As the months get warmer, it's time for many Michigan residents to get out of the house and on to a boat. There may be nothing more relaxing than cruising across the lake in the summer heat, stopping periodically to take a plunge into the water. But can you also kick back with an icy cold beer on the boat? In Michigan, certain traditional rules of drinking and driving do not apply to boating. Understanding these rules may be the difference between enjoying a day on the lake and spending a night in jail.
Did you know that drinking alcohol on a boat is perfectly fine? There is no law prohibiting passengers or even the driver from being on a boat with an open container of alcohol. There are still rules, however, that boaters must follow to avoid an arrest.
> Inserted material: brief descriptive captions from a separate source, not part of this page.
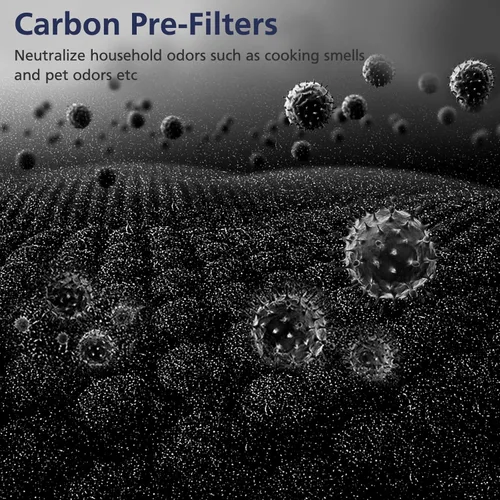 Miniatura 6 de Filtro de repuesto HEPA para purificador de aire VEVA 8000 Elite Pro Series, 2 filtros HEPA y 8 prefiltros de carbón activado de primera calidad 2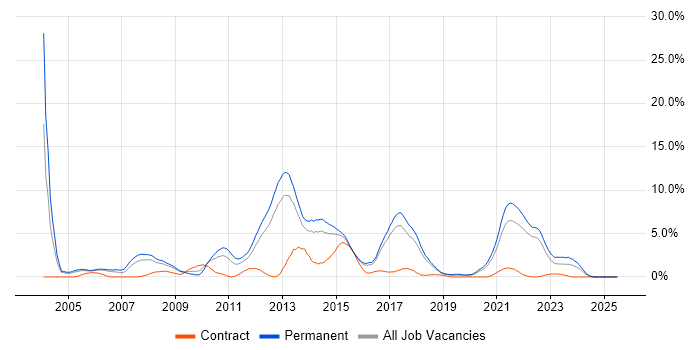 Job vacancy trend for T-SQL in Cheltenham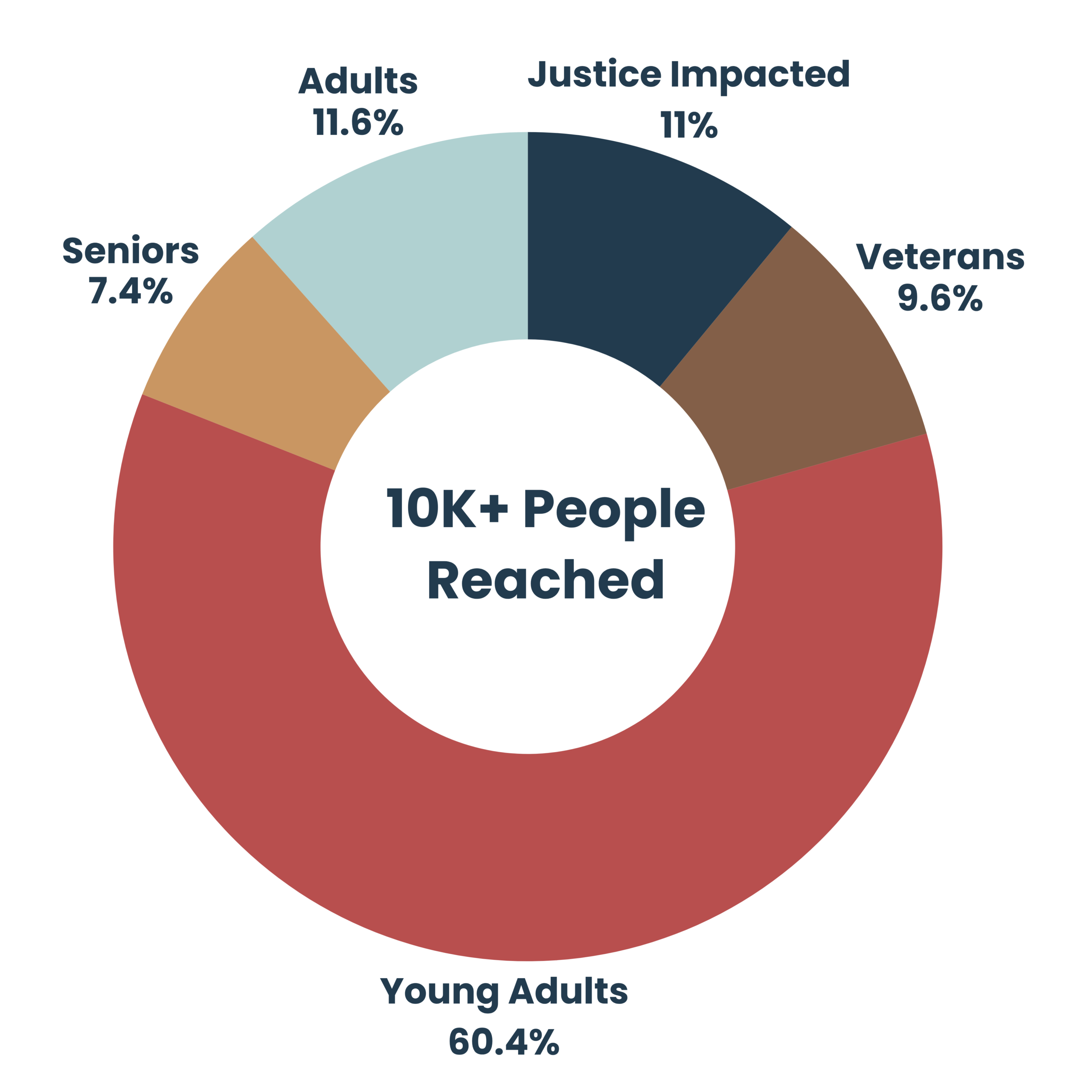 Copy of Pathways to Purpose logo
While having a drink on a boat is fine, being drunk behind the wheel is still illegal. A driver can still be stopped and given field sobriety tests and breath tests to determine the level of impairment. An important distinction, however, is that a boat driver is not considered to be operating under the influence until he or she has a 0.10 blood-alcohol level. This is different from the traditional drunk driving level, which is 0.08 in Michigan.
Make no mistake, though, Coast Guard officials are on the lookout for reckless, dangerous or otherwise suspect driving behavior. A drunk driver may be a hazard on the water and put other people in danger. But because days on a boat may be long, leisurely excursions, it can be difficult to properly gauge how alcohol is affecting a person.
It is suggested that drinking alcohol in the hot summer sun can intensify the effects of alcohol. This can mean that even if you can typically have a few beers and not be intoxicated on land, that same amount can have a very different effect on the water.
Since the rules are a little different when it comes to drinking and boating, some people may have a false sense of leniency when it comes to their behavior on the water. This is not always the case. People can certainly be cited and arrested for unlawful actions in a boat and can find themselves brought back to shore in the company of police.